Problem to work on: Retype the whole listing exactly. Leave out pictures.

Recorded information:
——————
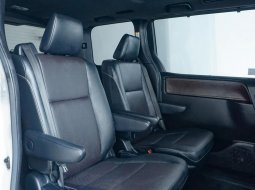 Toyota Voxy 2.0 A/T 2018 5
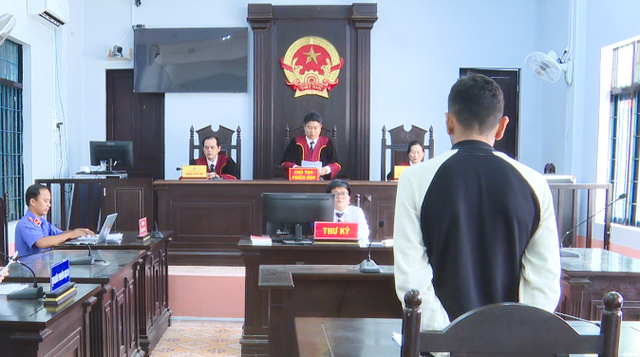VietNewsGateway's tweet photo. A court in An Giang Province, southern Vietnam on Tuesday approved the extradition request for a Kyrgyz national wanted internationally, after authorities located him hiding on Phu Quoc Island.

Full report: https://t.co/mEDhEspQuU https://t.co/cEVQN631gq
——————
Response box:
 Toyota Voxy 2.0 A/T 2018 5
VietNewsGateway's tweet photo. A court in An Giang Province, southern Vietnam on Tuesday approved the extradition request for a Kyrgyz national wanted internationally, after authorities located him hiding on Phu Quoc Island.

Full report: https://t.co/mEDhEspQuU https://t.co/cEVQN631gq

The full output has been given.